[Saved data entries]
===============

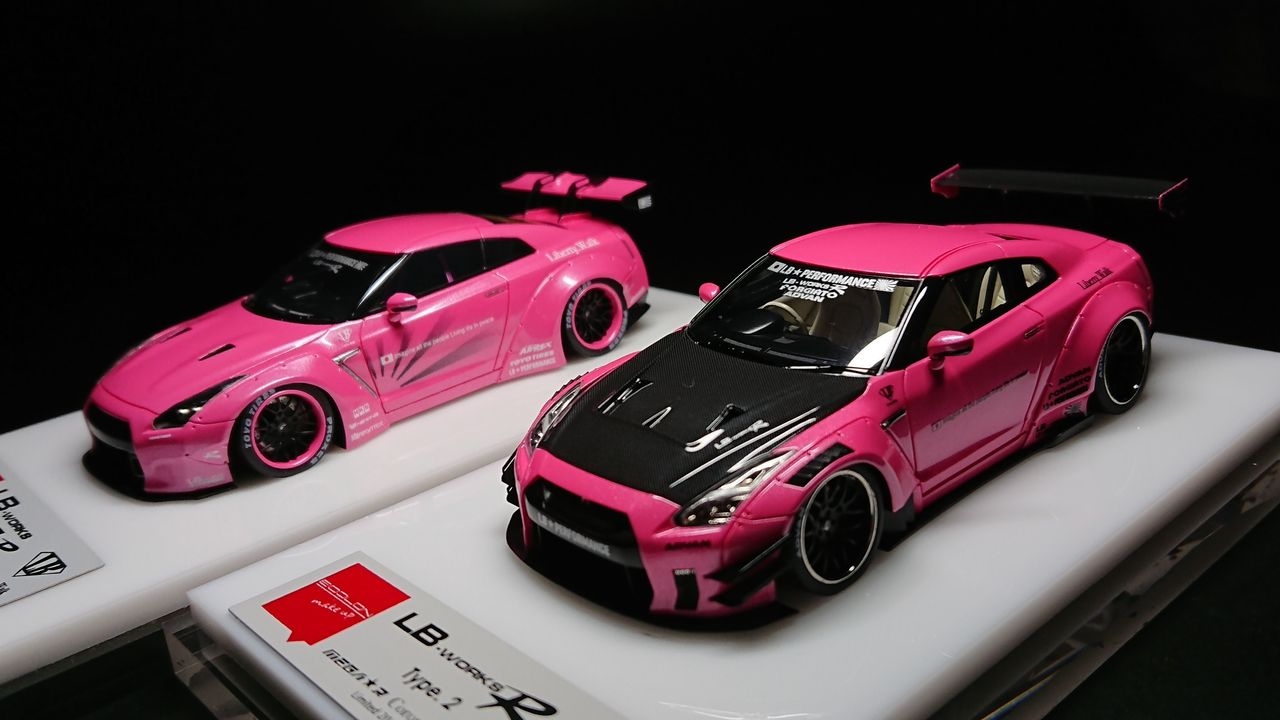 アイドロンAXELLWORKS LB☆WORKS GT-RType2Racing 感無量😢-AXELLWORKS×MEGA☆R Exclusive- EIDOLON COLLECTION 1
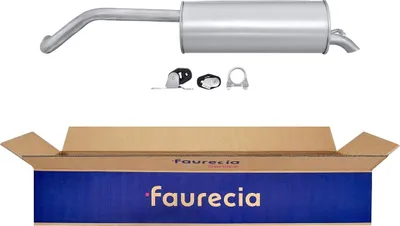 Immagine prodotto di Marmitta FAURECIA IAM-Expertise adatta, tra l'altro, per SKODA FABIA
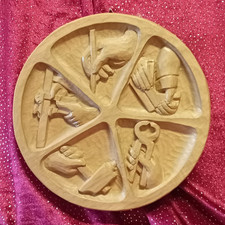 Wandbild, Handwerk, Werkzeuge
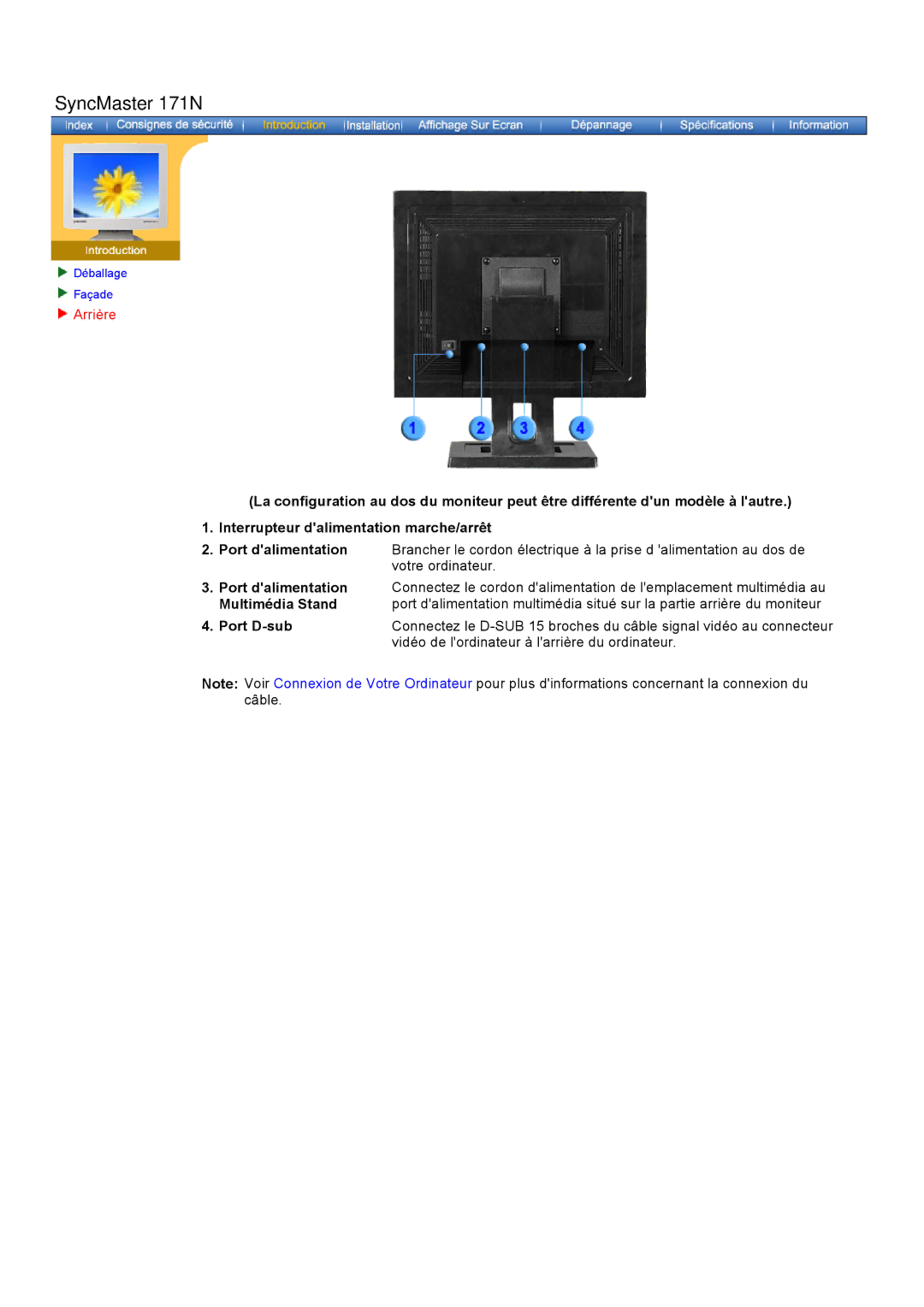 Samsung GH17ASPB/EDC, GH17ASPS/EDC, GH17ASAS/EDC, GH17ASAB/EDC manual Multimédia Stand 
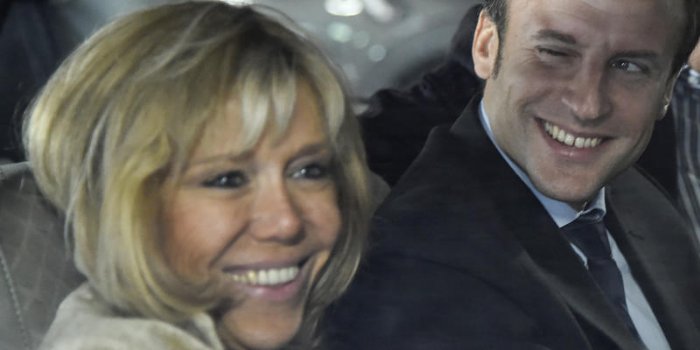 Emmanuel Macron en couple avec Mathieu Gallet ? Le candidat "met les pieds dans le plat" !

===============

▶ WORK INSTRUCTION:
In the entries above, find the line containing "Immagine prodotto di"; transcribe exactly that line and every line after it through the end, and only those, omitting pictures.

▶ SOLUTION TO THIS EXERCISE:
 Immagine prodotto di Marmitta FAURECIA IAM-Expertise adatta, tra l'altro, per SKODA FABIA
 Wandbild, Handwerk, Werkzeuge
 Samsung GH17ASPB/EDC, GH17ASPS/EDC, GH17ASAS/EDC, GH17ASAB/EDC manual Multimédia Stand 
 Emmanuel Macron en couple avec Mathieu Gallet ? Le candidat "met les pieds dans le plat" !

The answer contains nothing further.